It doesn’t bode well from the off, with a speech given by ‘The One’ founder Rebecca Webb (Hannah Ware) evoking wholly unrealistic responses from the audience. Webb thinks that “we deserve the fairytale” and has become unspeakably rich by giving it to people. While Ware’s monotonous delivery and soulless character may faithfully represent the kind of psychopathy necessary to become a tech CEO, it does mean that Webb is tediously boring from the beginning, and impossible for the audience to sympathise with.

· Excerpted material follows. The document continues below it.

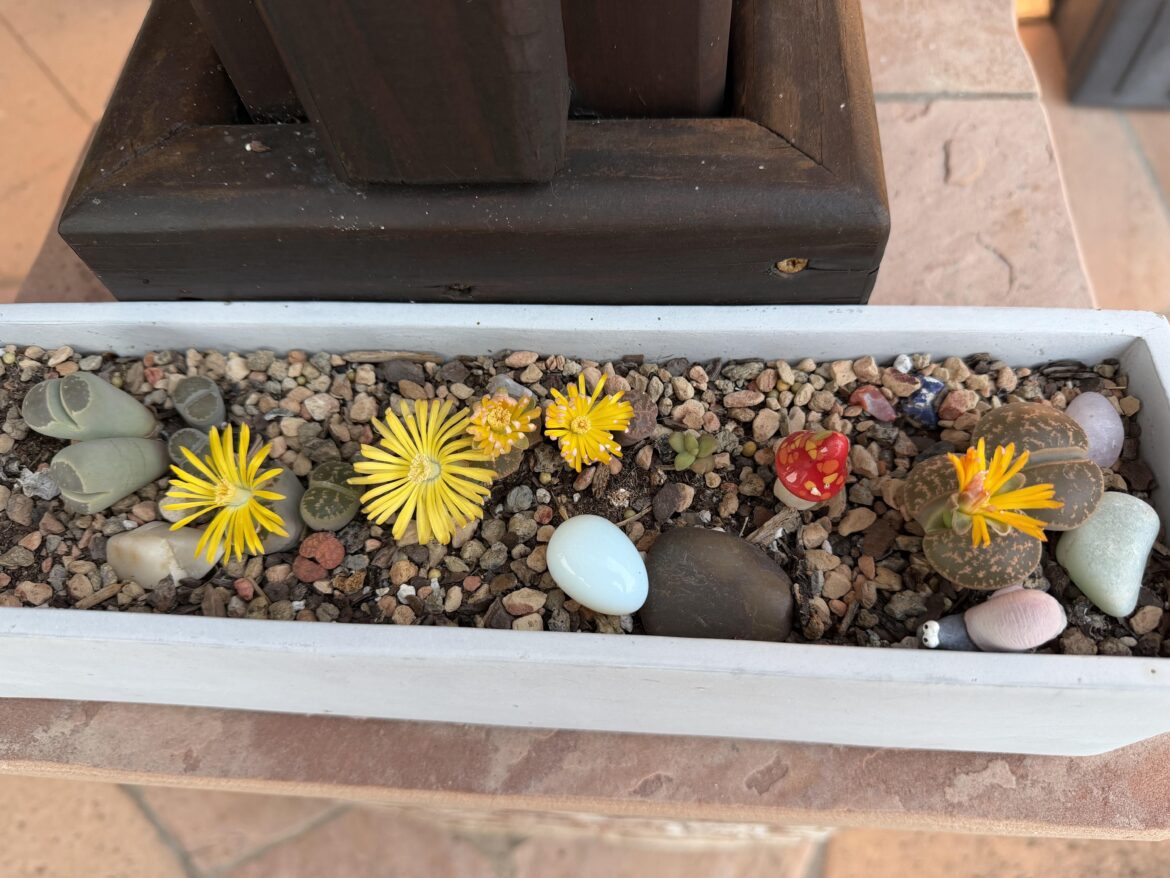 Several blooming :)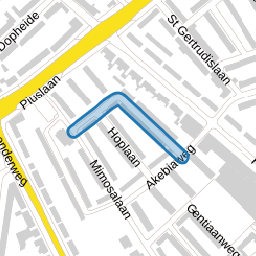 Bosranklaan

We learn that The One is controversial, proving irresistible to millions of people but also – understandably – causing a spike in divorce rates. “All this ‘Move fast, break things’ bullshit. The things you break, other people have to fix,” says a government minister. In flashbacks we see that the ruthless Webb is hiding some incredibly worrying details about the way she founded the company. Three plots then interweave over the show’s eight episodes. One follows Webb’s attempts to bury the skeletons in her past; the other – so dull it is difficult to put it into words – concerns the love life of the policewoman sniffing around Webb; and one, the best by a country mile, is about the fallout of a wife meeting her husband’s match in secret.

Obviously, comparisons to Black Mirror abound. But these comparisons only make you appreciate how good Black Mirror actually was. With a few exceptions, the acting in The One is a struggle to watch, and the script reads like it has been poorly translated from another language. For some reason everyone is absurdly open about sex – see the circumcision line but also a woman telling her colleague “I enjoy sex with lots of different people” – while also being faintly disgusted whenever someone announces they’re popping out for a wee.

The One

In other hands, this concept could certainly have made for a wonderful TV show. The conceit cannot be faulted; the implications of a dating app like The One would be radical. But The One, intent on being a crime drama whose premise has almost nothing to do with the dating service, squanders this opportunity in a misguided attempt to fill the screen with dead bodies. It is like giving up most of the pages of Harry Potter to a story about Muggles, who aren’t really aware that magic exists.